Operator object is created based on OperatorDef.

In operator.cc:

unique_ptr<OperatorBase> _CreateOperator(
    const OperatorDef& operator_def,
    Workspace* ws) {

In runtime, the schema just works as a validator:

  auto* schema = OpSchemaRegistry::Schema(op_type);
  if (schema) {
    CAFFE_ENFORCE(
        schema->Verify(operator_def),
        "Operator def did not pass schema checking: ",
        ProtoDebugString(operator_def));
  }

Create through registry:

unique_ptr<OperatorBase> TryCreateC10Operator(
    const string& key,
    const OperatorDef& operator_def,
    Workspace* ws) {
  return C10OperatorRegistry()->Create(key, operator_def, ws);
}

The creator is registered in conv_op.cc

REGISTER_CPU_OPERATOR(Conv, ConvOp<float, CPUContext>);

So, the constructor is invoked:

 public:
  USE_CONV_POOL_BASE_FUNCTIONS(Context);
  ConvOp(const OperatorDef& operator_def, Workspace* ws)
      : ConvPoolOpBase<Context>(operator_def, ws) {

The convolution specific arguments are initiated in parent class:

 public:
  USE_OPERATOR_CONTEXT_FUNCTIONS;
  ConvPoolOpBase(const OperatorDef& operator_def, Workspace* ws)
      : Operator<Context>(operator_def, ws),
        legacy_pad_(
            static_cast<LegacyPadding>(this->template GetSingleArgument<int>(
                "legacy_pad",
                LegacyPadding::NOTSET))),
        global_pooling_(
        		//ZF: GetSingleArgument / GetRepeatedArgument
            this->template GetSingleArgument<int>("global_pooling", 0)),
        kernel_(this->template GetRepeatedArgument<int>("kernels")),
        dilation_(this->template GetRepeatedArgument<int>("dilations")),
        stride_(this->template GetRepeatedArgument<int>("strides")),
        pads_(this->template GetRepeatedArgument<int>("pads")),
        float16_compute_(
            this->template GetSingleArgument<bool>("float16_compute", false)),
        group_(this->template GetSingleArgument<int>("group", 1)),
        order_(StringToStorageOrder(
            this->template GetSingleArgument<string>("order", "NCHW"))),
			//ZF: What's shared_buffer for?
        shared_buffer_(
            this->template GetSingleArgument<int>("shared_buffer", 0)),
        ws_(ws) {

The input/output are initiated in base class OperatorBase:

But seemed that the OperatorDef in specified class has only check/validation/test functions.

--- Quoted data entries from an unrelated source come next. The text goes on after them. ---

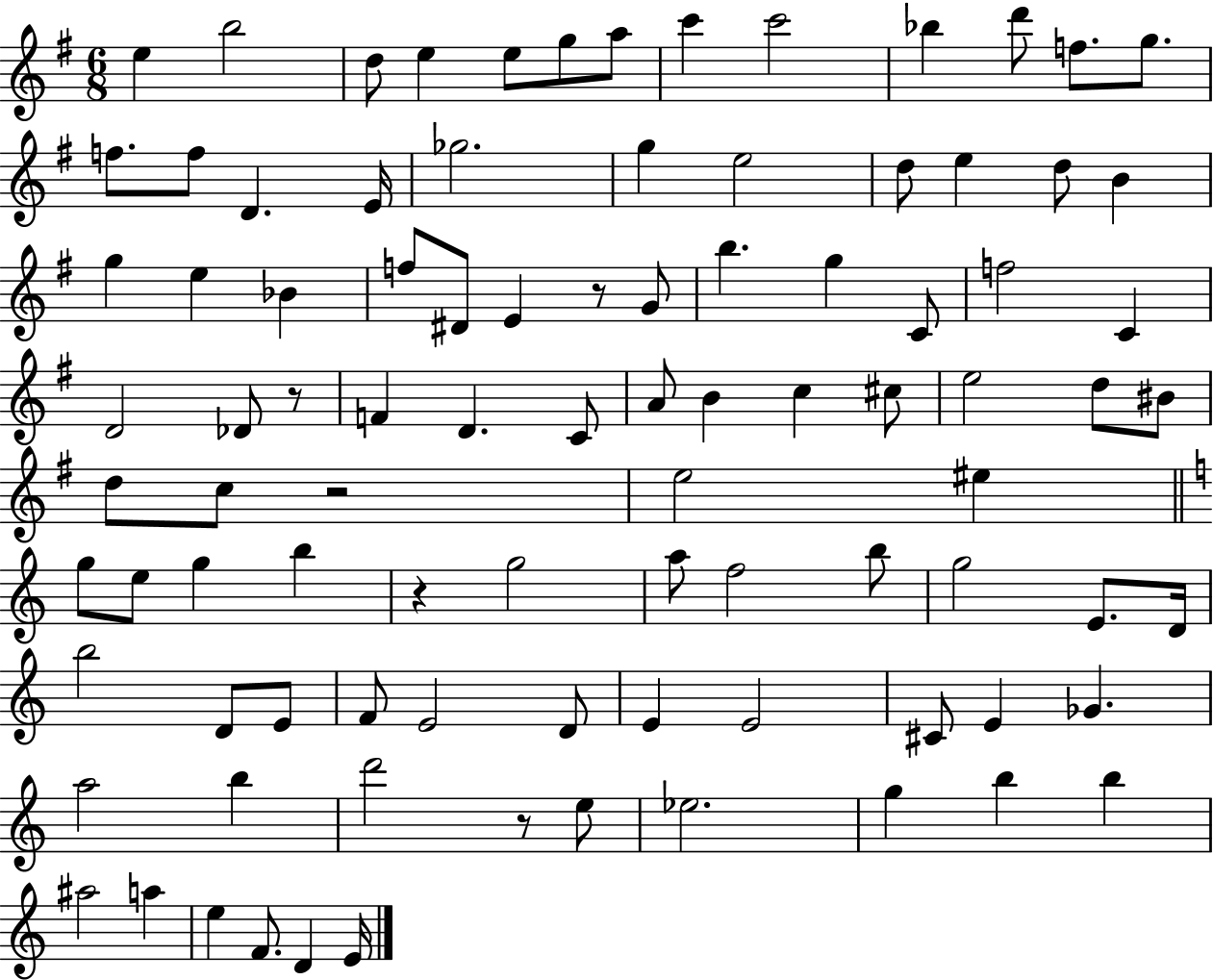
{
  \clef treble
  \numericTimeSignature
  \time 6/8
  \key g \major
  \repeat volta 2 { e''4 b''2 | d''8 e''4 e''8 g''8 a''8 | c'''4 c'''2 | bes''4 d'''8 f''8. g''8. | \break f''8. f''8 d'4. e'16 | ges''2. | g''4 e''2 | d''8 e''4 d''8 b'4 | \break g''4 e''4 bes'4 | f''8 dis'8 e'4 r8 g'8 | b''4. g''4 c'8 | f''2 c'4 | \break d'2 des'8 r8 | f'4 d'4. c'8 | a'8 b'4 c''4 cis''8 | e''2 d''8 bis'8 | \break d''8 c''8 r2 | e''2 eis''4 | \bar "||" \break \key c \major g''8 e''8 g''4 b''4 | r4 g''2 | a''8 f''2 b''8 | g''2 e'8. d'16 | \break b''2 d'8 e'8 | f'8 e'2 d'8 | e'4 e'2 | cis'8 e'4 ges'4. | \break a''2 b''4 | d'''2 r8 e''8 | ees''2. | g''4 b''4 b''4 | \break ais''2 a''4 | e''4 f'8. d'4 e'16 | } \bar "|."
}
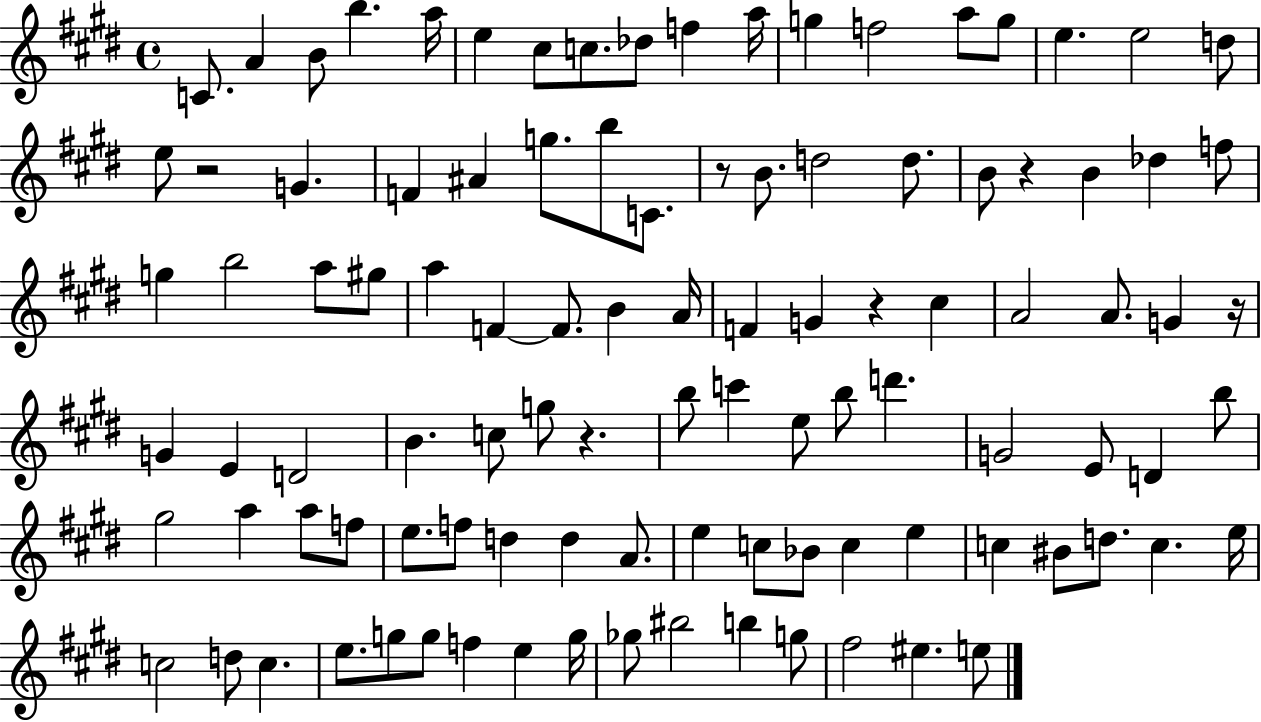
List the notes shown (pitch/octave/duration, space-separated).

C4/e. A4/q B4/e B5/q. A5/s E5/q C#5/e C5/e. Db5/e F5/q A5/s G5/q F5/h A5/e G5/e E5/q. E5/h D5/e E5/e R/h G4/q. F4/q A#4/q G5/e. B5/e C4/e. R/e B4/e. D5/h D5/e. B4/e R/q B4/q Db5/q F5/e G5/q B5/h A5/e G#5/e A5/q F4/q F4/e. B4/q A4/s F4/q G4/q R/q C#5/q A4/h A4/e. G4/q R/s G4/q E4/q D4/h B4/q. C5/e G5/e R/q. B5/e C6/q E5/e B5/e D6/q. G4/h E4/e D4/q B5/e G#5/h A5/q A5/e F5/e E5/e. F5/e D5/q D5/q A4/e. E5/q C5/e Bb4/e C5/q E5/q C5/q BIS4/e D5/e. C5/q. E5/s C5/h D5/e C5/q. E5/e. G5/e G5/e F5/q E5/q G5/s Gb5/e BIS5/h B5/q G5/e F#5/h EIS5/q. E5/e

OperatorBase::OperatorBase(const OperatorDef& operator_def, Workspace* ws)
    : operator_ws_(ws),
      operator_def_(std::make_shared<OperatorDef>(operator_def)),
      device_option_(
          operator_def.has_device_option() ? operator_def.device_option()
                                           : DeviceOption()),
      event_(caffe2::make_unique<Event>(device_option_)) {
  static GlobalInitIsCalledGuard guard;
  for (const string& input_str : operator_def.input()) {
    auto* blob = ws->GetBlob(input_str);
    CAFFE_ENFORCE(
        blob != nullptr,
        "op ",
        operator_def.type(),
        ": Encountered a non-existing input blob: ",
        input_str);
    inputs_.push_back(blob);
  }

  GetOperatorLogger()(operator_def);

  for (const string& output_str : operator_def.output()) {
    outputs_.push_back(CHECK_NOTNULL(ws->CreateBlob(output_str)));
  }

  type_ = operator_def.type();
}

The input/output schema and indices are registered in conv_op.cc

std::function<void(OpSchema&)> ConvDocGenerator(const char* dim) {
   return [=](OpSchema& schema) {  
OPERATOR_SCHEMA(Conv)
    .NumInputs(2, 3)
    .NumOutputs(1)
    .TensorInferenceFunction(ConvPoolOpBase<CPUContext>::TensorInferenceForConv)
    .CostInferenceFunction(OpSchema::CostInferenceFunctionType(
        ConvPoolOpBase<CPUContext>::CostInferenceForConv))
    .FillUsing(ConvDocGenerator(""))
    .InheritOnnxSchema();

Sequence

Create Seq

ConvOp Class

The class create an object of certain kernel with specific environment, including context, workspace, order, group etc.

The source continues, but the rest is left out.